# Material provided:
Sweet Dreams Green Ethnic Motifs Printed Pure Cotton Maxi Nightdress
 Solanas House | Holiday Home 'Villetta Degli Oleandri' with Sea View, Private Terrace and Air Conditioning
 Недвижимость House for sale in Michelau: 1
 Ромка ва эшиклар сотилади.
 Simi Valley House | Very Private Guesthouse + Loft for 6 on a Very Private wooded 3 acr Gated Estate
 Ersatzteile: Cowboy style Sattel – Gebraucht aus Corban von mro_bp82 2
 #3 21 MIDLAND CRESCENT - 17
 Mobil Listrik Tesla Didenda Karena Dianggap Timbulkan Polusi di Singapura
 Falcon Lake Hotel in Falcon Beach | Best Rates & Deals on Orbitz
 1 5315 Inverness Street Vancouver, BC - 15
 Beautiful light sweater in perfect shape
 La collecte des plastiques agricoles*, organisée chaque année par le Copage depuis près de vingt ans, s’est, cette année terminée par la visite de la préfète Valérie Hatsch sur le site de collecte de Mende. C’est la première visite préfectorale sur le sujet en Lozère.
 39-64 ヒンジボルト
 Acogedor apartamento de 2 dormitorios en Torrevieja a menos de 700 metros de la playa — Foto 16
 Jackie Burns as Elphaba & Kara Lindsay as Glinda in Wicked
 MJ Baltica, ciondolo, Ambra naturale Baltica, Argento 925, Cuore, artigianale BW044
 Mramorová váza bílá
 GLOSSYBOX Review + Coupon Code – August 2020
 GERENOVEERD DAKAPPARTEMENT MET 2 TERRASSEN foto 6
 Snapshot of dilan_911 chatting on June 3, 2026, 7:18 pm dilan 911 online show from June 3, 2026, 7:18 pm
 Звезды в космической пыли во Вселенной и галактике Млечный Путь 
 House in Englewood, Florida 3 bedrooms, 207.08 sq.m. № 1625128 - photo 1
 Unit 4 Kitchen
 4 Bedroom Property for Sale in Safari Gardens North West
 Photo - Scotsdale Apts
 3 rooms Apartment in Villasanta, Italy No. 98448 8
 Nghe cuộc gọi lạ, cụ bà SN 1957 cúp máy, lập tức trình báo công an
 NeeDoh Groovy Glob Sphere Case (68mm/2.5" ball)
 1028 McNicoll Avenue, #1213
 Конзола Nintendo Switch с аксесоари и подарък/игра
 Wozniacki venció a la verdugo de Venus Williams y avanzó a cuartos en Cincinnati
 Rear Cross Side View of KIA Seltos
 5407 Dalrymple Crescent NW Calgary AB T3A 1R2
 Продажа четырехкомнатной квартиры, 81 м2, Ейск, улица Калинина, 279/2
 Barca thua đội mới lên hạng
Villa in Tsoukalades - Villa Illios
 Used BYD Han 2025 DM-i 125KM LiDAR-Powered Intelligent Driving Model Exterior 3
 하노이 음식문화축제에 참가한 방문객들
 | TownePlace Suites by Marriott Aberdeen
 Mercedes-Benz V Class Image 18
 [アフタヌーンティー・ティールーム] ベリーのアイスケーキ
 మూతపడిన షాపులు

# Task statement:
What you give back should be exactly the lines of the data above from the line with "Nghe cuộc gọi" through the line with "하노이 음식문화축제에 참가한 방문객들", both of those included, and nothing more.

# Exercise result:
 Nghe cuộc gọi lạ, cụ bà SN 1957 cúp máy, lập tức trình báo công an
 NeeDoh Groovy Glob Sphere Case (68mm/2.5" ball)
 1028 McNicoll Avenue, #1213
 Конзола Nintendo Switch с аксесоари и подарък/игра
 Wozniacki venció a la verdugo de Venus Williams y avanzó a cuartos en Cincinnati
 Rear Cross Side View of KIA Seltos
 5407 Dalrymple Crescent NW Calgary AB T3A 1R2
 Продажа четырехкомнатной квартиры, 81 м2, Ейск, улица Калинина, 279/2
 Barca thua đội mới lên hạng
Villa in Tsoukalades - Villa Illios
 Used BYD Han 2025 DM-i 125KM LiDAR-Powered Intelligent Driving Model Exterior 3
 하노이 음식문화축제에 참가한 방문객들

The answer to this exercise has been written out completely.